* [WORK INSTRUCTIONS]:
Return, exactly and with nothing added, the line with "プロフィール写真10・えんま｜QuteMellow-きゅーめろ-・キュートメロー - 日本橋のコンカフェ" together with all lines after it through the end of the data below. No pictures belong in the copy.

* [INFORMATION SHOWN]:
__________
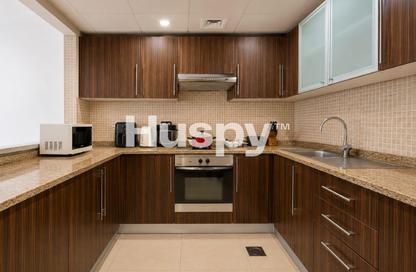شقة - غرفة نوم - 1 حمام للبيع في جولدكريست إكزيكتيف - (JLT) مجمع C - أبراج بحيرات الجميرا - دبي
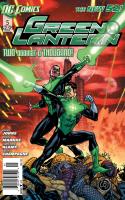 Sinestro Part 5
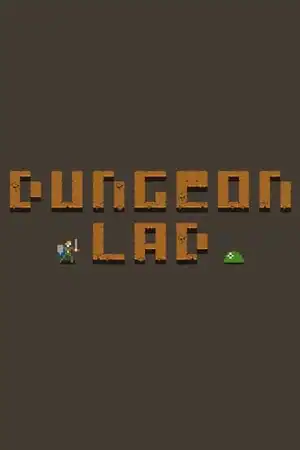 Dungeon Lad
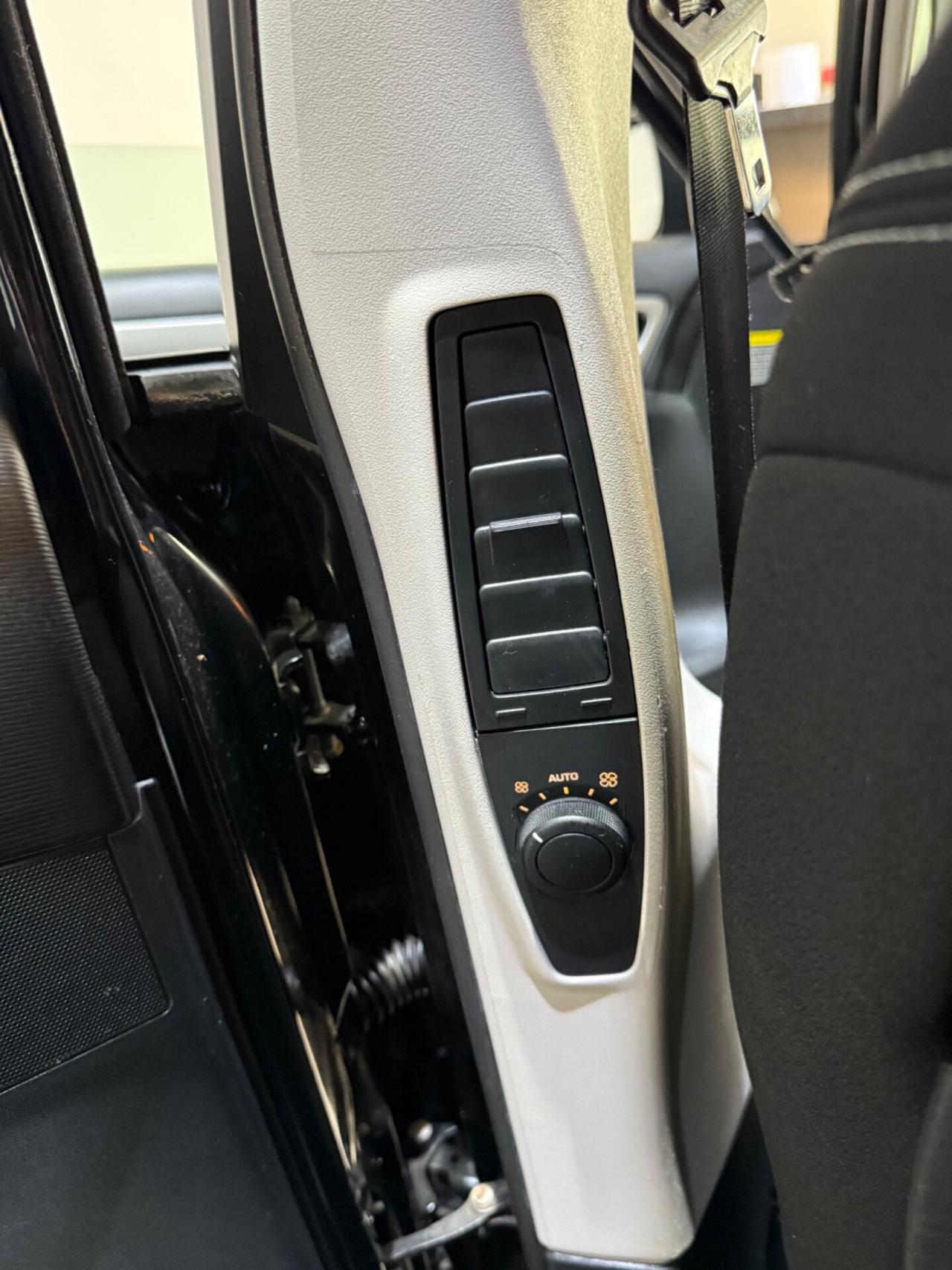 Citroen C4 Picasso 1.6 e-HDi 115 posti 7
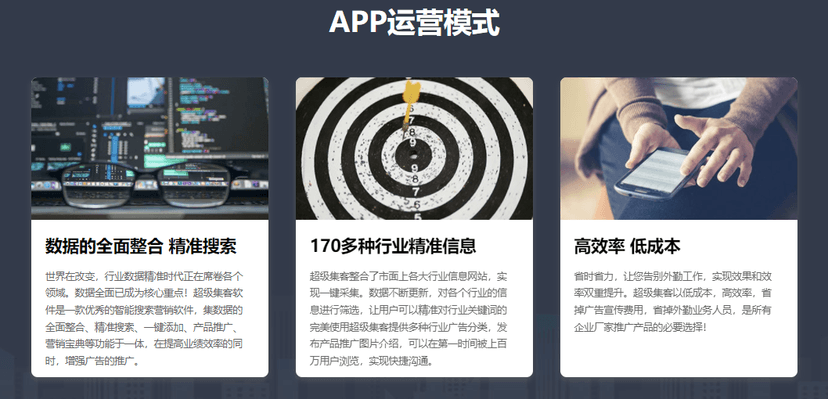 超级集客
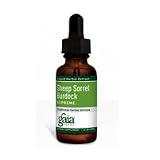 Sheep Sorrel/Burdock Supreme - 4 oz,(Gaia Herbs)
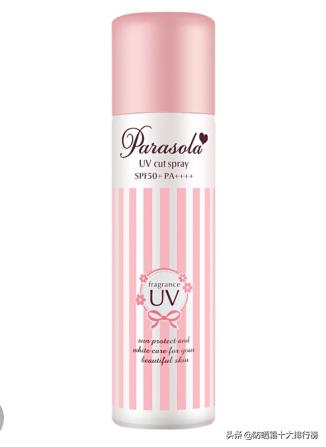 全网最火爆防晒霜正品,2023年防晒霜低价推荐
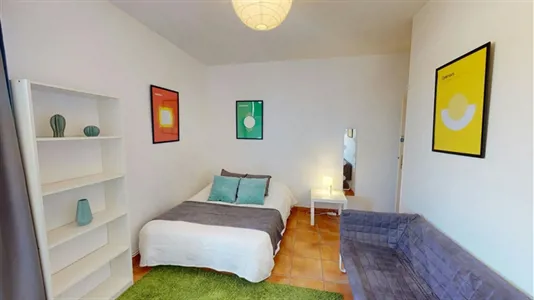 Rooms in Montpellier - photo 1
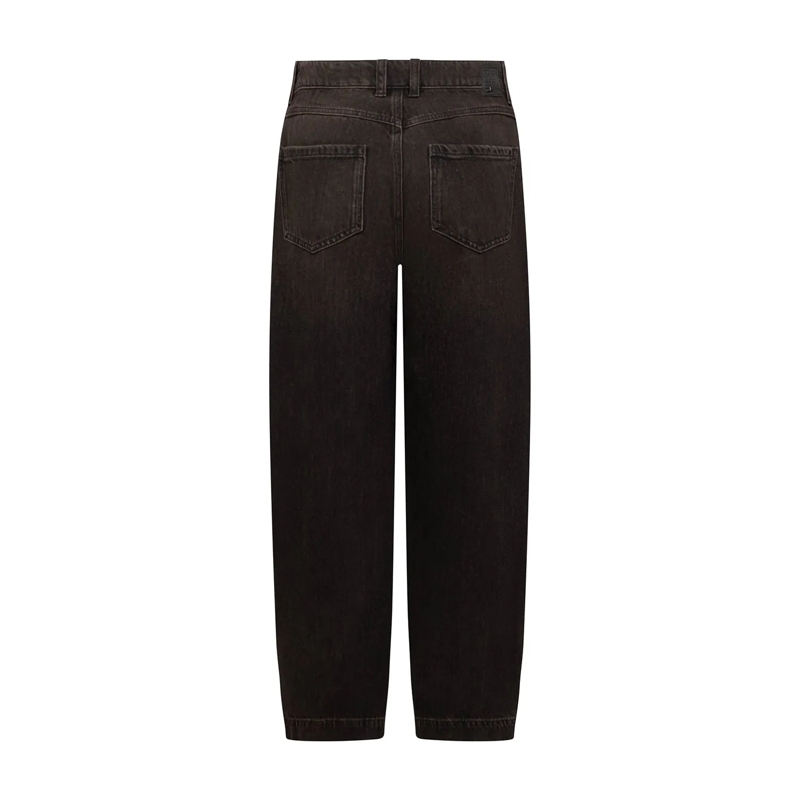 Raffaello Rossi Jeans Relaxed-Fit Jeans Arin braun(Image 2)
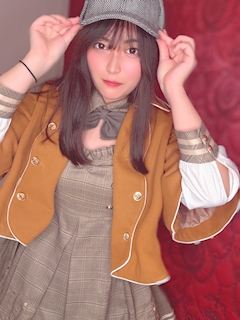 プロフィール写真10・えんま｜QuteMellow-きゅーめろ-・キュートメロー - 日本橋のコンカフェ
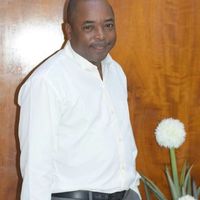 André Augustin's Photo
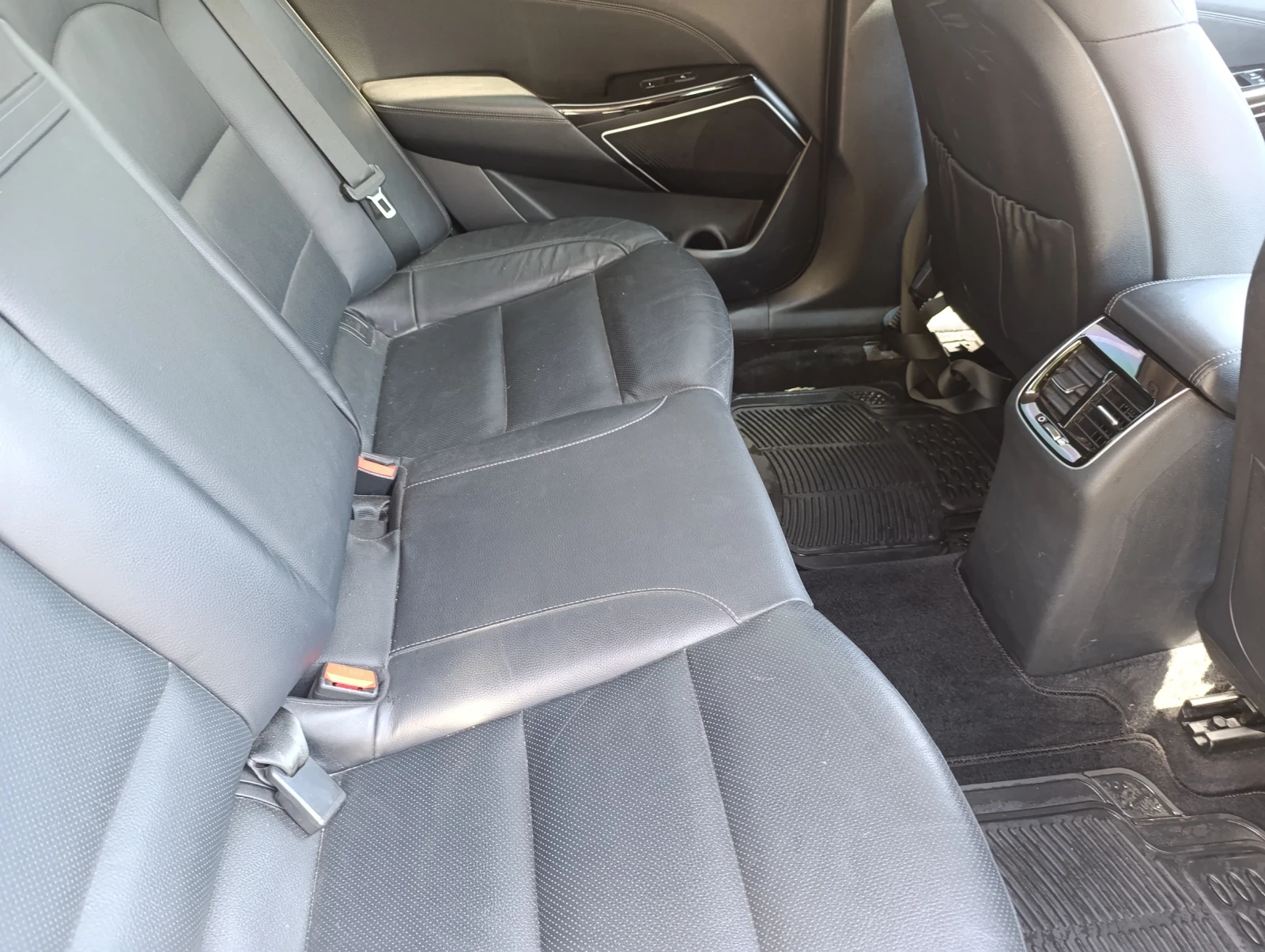 Kia K7, снимка 7 - Автомобили и джипове - 55154926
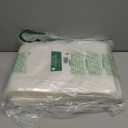 O2frepak 100 Gallon Size 11" x 16"Vacuum Sealer Bags with BPA Free and Puncture Prevention,Vacuum Seal Freezer Bags,Great for Sous Vide Vaccume Sealer PreCut Bags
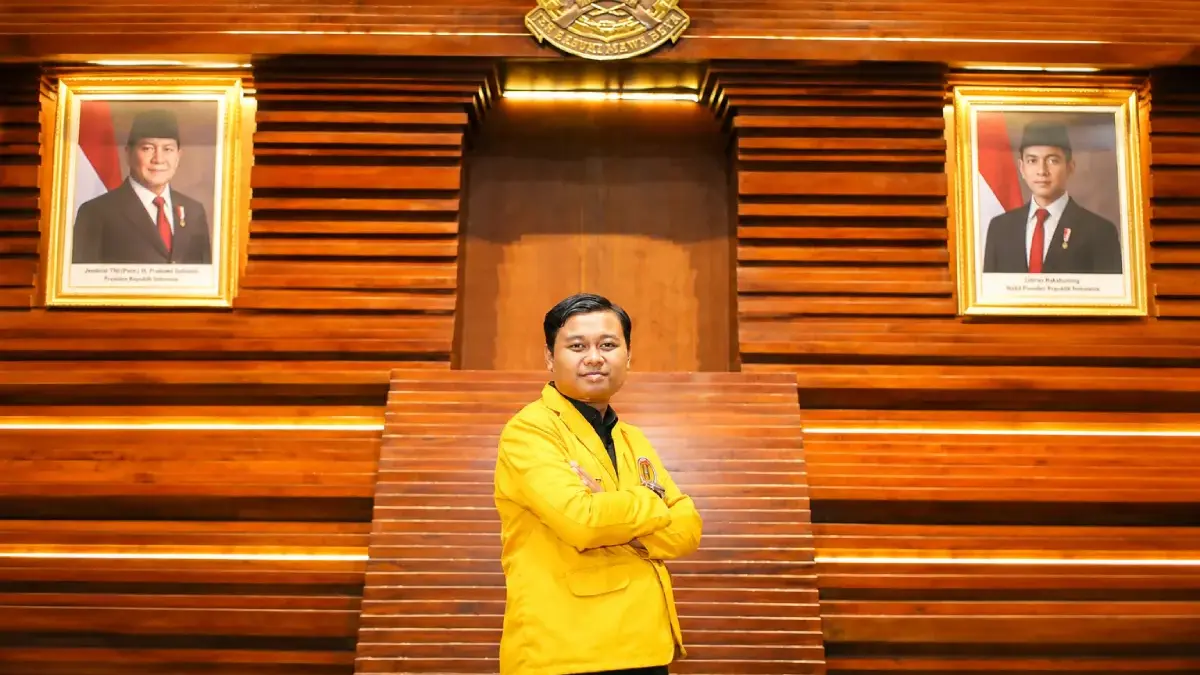 Alumni IPM Jatim Raih Beasiswa ASEAN ke India, Lanjut Studi Filsafat di Nalanda University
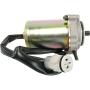 DB Electrical Cmu0001 Power Shift Control Motor for Honda Trx500fa Fourtrax Foreman Rubicon 2001 2002 2003 2004 2005 2006 2007 2008 2009 2010 2011 2012 2013 2014,Trx500fga 04 05 06 07 08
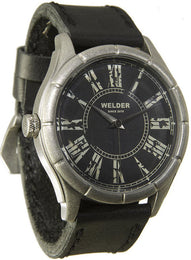 Welder Watch K21 505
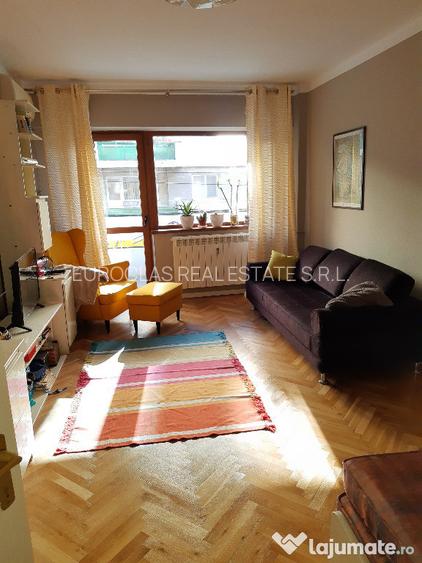 Apartament  3 camere Ultracentral (Cod E5) - 8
__________
* [TASK ANSWER]:
 プロフィール写真10・えんま｜QuteMellow-きゅーめろ-・キュートメロー - 日本橋のコンカフェ
 André Augustin's Photo
 Kia K7, снимка 7 - Автомобили и джипове - 55154926
 O2frepak 100 Gallon Size 11" x 16"Vacuum Sealer Bags with BPA Free and Puncture Prevention,Vacuum Seal Freezer Bags,Great for Sous Vide Vaccume Sealer PreCut Bags
 Alumni IPM Jatim Raih Beasiswa ASEAN ke India, Lanjut Studi Filsafat di Nalanda University
 DB Electrical Cmu0001 Power Shift Control Motor for Honda Trx500fa Fourtrax Foreman Rubicon 2001 2002 2003 2004 2005 2006 2007 2008 2009 2010 2011 2012 2013 2014,Trx500fga 04 05 06 07 08
 Welder Watch K21 505
 Apartament  3 camere Ultracentral (Cod E5) - 8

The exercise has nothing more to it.